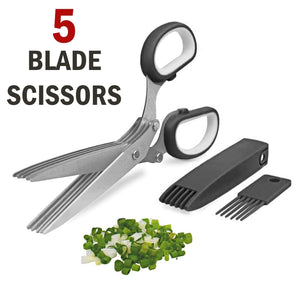 Herb Scissors Set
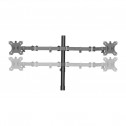 Logilink BP0046 - Soporte de Mes para cuatro monitores de 13 a 32''
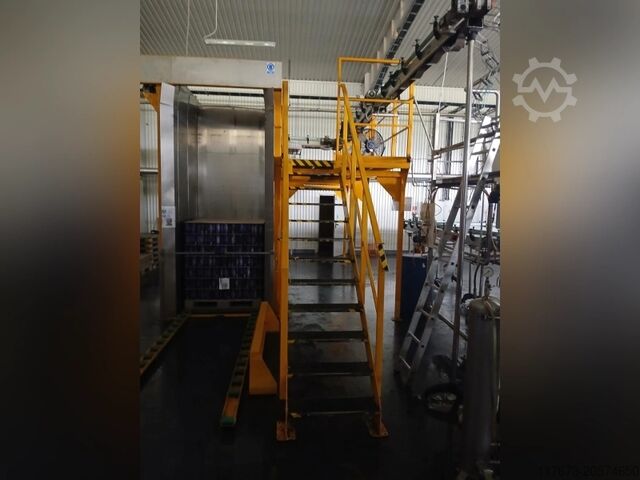 Komplett tappningslinje  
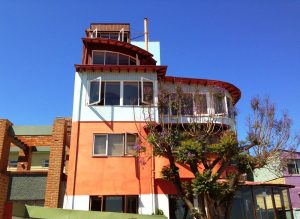 Haus von Pablo Neruda in Valparaiso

= = = = =

What to produce » Could the data above be copied out exactly, with no pictures kept?

Task result »
 Herb Scissors Set
 Logilink BP0046 - Soporte de Mes para cuatro monitores de 13 a 32''
 Komplett tappningslinje  
 Haus von Pablo Neruda in Valparaiso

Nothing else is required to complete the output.